§ Exercise details
Repeat the lines below exactly as written, please, from the line with "Apple iPhone 15 128GB Trắng Còn bảo hành" to the line with "MULINO B. 350G", both lines included, and no others.

===== Given information

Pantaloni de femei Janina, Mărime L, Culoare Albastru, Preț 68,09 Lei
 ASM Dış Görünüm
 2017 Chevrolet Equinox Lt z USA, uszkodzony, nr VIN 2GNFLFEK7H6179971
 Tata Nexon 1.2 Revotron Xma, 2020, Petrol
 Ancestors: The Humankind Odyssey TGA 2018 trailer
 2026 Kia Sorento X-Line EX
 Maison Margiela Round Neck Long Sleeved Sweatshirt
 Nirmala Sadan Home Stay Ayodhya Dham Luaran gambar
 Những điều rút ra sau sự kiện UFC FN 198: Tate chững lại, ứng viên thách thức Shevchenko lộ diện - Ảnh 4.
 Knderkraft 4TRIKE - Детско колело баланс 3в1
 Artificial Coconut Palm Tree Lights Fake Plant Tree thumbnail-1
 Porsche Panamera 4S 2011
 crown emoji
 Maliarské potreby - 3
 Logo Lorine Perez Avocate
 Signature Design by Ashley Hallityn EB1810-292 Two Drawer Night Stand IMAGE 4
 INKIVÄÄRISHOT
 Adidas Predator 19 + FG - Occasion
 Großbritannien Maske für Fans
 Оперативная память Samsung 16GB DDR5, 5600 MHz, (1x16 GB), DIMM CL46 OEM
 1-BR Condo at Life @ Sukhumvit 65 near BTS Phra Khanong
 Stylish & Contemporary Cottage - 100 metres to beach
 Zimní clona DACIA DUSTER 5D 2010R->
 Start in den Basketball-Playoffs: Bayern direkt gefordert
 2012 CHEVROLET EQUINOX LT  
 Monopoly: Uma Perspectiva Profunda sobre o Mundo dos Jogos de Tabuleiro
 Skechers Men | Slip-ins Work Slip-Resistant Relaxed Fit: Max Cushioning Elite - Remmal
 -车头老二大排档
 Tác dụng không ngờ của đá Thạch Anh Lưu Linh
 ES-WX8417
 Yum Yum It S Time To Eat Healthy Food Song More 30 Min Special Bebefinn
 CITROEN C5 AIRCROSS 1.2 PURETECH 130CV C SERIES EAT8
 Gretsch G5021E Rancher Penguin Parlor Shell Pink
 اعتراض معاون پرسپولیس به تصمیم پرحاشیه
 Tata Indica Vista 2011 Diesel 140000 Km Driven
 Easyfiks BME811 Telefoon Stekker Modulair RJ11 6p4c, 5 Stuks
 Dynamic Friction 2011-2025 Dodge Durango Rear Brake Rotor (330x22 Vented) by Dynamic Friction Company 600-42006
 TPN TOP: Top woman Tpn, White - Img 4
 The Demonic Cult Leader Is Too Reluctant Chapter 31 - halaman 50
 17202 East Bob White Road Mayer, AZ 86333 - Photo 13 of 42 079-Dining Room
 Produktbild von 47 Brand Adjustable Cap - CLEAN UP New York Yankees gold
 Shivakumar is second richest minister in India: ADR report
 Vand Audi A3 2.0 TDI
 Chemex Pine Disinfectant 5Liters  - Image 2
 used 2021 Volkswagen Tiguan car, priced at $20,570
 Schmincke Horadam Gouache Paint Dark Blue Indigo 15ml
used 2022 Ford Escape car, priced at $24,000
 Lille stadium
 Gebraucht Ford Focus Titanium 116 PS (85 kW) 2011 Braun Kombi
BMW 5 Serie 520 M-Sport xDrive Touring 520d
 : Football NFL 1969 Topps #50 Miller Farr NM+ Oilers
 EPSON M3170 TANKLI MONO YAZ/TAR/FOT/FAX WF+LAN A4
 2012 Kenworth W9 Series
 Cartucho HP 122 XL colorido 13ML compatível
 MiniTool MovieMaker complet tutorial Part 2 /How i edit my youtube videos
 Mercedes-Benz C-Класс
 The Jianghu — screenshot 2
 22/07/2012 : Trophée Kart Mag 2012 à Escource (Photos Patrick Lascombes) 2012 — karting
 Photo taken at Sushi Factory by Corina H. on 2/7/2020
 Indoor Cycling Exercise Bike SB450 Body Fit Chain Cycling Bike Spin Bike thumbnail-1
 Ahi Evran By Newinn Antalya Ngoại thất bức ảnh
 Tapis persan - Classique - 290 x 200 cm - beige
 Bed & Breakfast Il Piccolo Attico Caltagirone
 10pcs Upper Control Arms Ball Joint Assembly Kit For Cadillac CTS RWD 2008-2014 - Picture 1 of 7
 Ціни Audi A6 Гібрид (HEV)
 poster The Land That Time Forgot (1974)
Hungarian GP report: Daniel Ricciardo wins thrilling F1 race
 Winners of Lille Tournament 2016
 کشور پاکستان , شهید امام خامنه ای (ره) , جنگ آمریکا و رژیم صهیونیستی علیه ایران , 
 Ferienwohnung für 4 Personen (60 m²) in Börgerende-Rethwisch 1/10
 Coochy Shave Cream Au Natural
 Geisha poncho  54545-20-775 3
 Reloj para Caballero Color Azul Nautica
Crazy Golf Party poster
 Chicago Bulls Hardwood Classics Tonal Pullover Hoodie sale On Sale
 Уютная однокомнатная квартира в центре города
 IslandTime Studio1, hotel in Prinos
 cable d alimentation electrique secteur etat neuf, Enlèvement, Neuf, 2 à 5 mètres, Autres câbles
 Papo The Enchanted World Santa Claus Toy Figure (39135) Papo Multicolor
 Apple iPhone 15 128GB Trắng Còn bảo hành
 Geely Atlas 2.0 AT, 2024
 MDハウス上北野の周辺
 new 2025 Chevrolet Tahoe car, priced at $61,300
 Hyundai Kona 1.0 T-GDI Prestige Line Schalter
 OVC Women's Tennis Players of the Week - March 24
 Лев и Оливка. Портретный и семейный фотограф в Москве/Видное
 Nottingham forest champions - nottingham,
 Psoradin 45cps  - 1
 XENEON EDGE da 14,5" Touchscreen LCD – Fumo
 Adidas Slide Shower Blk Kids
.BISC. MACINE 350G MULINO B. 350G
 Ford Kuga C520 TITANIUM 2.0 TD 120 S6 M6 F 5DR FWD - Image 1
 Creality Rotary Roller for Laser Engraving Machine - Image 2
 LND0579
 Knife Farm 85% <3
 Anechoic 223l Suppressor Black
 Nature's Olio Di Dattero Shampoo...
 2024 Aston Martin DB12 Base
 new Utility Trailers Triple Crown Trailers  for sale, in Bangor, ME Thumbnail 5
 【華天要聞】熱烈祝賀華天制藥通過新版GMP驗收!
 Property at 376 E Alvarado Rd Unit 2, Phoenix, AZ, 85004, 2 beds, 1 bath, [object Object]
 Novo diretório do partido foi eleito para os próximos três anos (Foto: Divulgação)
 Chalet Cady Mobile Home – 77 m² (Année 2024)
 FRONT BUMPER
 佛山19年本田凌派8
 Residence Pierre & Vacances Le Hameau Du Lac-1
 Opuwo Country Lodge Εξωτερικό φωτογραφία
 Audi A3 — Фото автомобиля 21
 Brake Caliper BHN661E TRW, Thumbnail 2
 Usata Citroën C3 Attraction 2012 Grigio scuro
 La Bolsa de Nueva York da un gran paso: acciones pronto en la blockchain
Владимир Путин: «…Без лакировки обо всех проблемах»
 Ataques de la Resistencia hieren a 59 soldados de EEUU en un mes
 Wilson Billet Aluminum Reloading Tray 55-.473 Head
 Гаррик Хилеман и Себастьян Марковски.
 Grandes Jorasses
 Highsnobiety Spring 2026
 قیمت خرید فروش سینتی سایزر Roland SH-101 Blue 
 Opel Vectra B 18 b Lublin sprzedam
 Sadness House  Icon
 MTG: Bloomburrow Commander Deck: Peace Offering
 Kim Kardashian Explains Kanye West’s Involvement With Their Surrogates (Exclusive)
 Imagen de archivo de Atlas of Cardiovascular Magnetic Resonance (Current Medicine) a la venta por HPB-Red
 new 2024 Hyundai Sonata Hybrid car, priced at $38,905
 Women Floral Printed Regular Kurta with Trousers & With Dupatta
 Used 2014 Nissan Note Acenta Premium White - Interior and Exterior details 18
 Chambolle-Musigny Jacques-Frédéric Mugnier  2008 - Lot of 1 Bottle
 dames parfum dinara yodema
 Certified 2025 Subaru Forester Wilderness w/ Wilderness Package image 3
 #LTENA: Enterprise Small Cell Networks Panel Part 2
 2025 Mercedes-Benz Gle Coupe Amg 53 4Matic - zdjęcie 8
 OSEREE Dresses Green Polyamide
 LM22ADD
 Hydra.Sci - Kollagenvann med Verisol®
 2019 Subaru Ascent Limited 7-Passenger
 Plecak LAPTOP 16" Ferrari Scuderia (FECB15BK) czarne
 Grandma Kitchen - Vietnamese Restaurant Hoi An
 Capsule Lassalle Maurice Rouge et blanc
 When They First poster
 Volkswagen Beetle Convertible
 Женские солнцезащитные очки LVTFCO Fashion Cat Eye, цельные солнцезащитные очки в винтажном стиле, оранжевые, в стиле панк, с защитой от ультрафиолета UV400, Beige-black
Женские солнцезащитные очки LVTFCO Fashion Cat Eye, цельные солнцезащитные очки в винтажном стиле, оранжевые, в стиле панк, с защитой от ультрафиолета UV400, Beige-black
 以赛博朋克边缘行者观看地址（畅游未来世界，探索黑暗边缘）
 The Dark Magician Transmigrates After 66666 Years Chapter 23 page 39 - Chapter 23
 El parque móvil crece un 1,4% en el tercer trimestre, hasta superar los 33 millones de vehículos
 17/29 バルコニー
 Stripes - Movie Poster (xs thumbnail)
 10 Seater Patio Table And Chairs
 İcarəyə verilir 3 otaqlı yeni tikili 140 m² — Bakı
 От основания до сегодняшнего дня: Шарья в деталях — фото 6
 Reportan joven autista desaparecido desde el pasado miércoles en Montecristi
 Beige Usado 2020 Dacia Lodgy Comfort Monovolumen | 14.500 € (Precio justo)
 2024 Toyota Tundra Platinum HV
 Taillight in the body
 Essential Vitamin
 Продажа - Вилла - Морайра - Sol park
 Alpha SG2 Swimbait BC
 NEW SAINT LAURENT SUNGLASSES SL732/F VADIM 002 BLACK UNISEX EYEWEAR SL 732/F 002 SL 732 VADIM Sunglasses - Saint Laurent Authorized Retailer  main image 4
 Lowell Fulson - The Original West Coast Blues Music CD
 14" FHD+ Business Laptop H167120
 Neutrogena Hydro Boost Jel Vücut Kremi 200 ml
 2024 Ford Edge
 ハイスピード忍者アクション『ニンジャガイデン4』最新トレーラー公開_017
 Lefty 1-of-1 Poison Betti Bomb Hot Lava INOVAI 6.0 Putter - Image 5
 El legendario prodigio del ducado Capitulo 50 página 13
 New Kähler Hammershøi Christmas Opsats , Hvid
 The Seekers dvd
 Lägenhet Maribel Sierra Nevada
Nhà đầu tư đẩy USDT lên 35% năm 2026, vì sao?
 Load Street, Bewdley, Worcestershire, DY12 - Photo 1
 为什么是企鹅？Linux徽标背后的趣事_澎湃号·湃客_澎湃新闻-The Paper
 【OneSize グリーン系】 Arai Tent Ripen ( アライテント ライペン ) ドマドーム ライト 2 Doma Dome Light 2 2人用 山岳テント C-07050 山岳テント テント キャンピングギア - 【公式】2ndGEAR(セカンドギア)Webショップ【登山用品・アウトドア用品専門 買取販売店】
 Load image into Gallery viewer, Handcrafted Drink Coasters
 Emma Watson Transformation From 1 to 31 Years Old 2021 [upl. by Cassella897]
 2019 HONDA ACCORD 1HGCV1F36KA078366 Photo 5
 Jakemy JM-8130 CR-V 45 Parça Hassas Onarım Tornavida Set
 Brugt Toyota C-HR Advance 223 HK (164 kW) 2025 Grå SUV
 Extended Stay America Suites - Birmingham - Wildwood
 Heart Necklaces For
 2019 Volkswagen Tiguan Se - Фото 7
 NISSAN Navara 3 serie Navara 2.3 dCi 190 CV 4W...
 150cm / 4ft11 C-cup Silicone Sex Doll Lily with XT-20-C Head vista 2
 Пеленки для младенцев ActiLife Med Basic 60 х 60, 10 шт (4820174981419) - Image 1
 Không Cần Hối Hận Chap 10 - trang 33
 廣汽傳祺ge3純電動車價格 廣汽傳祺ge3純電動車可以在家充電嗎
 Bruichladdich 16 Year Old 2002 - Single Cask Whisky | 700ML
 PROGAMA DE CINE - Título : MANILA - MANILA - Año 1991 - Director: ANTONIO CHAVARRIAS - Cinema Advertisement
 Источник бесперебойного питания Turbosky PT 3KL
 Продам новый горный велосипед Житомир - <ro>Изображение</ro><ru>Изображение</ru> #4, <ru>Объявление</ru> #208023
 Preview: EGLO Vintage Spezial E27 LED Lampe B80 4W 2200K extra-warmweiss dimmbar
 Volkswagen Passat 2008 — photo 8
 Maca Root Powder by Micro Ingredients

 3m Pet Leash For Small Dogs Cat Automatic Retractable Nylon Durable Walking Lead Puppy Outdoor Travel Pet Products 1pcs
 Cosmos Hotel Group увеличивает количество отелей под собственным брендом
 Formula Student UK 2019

==========

§ Answer to this exercise
 Apple iPhone 15 128GB Trắng Còn bảo hành
 Geely Atlas 2.0 AT, 2024
 MDハウス上北野の周辺
 new 2025 Chevrolet Tahoe car, priced at $61,300
 Hyundai Kona 1.0 T-GDI Prestige Line Schalter
 OVC Women's Tennis Players of the Week - March 24
 Лев и Оливка. Портретный и семейный фотограф в Москве/Видное
 Nottingham forest champions - nottingham,
 Psoradin 45cps  - 1
 XENEON EDGE da 14,5" Touchscreen LCD – Fumo
 Adidas Slide Shower Blk Kids
.BISC. MACINE 350G MULINO B. 350G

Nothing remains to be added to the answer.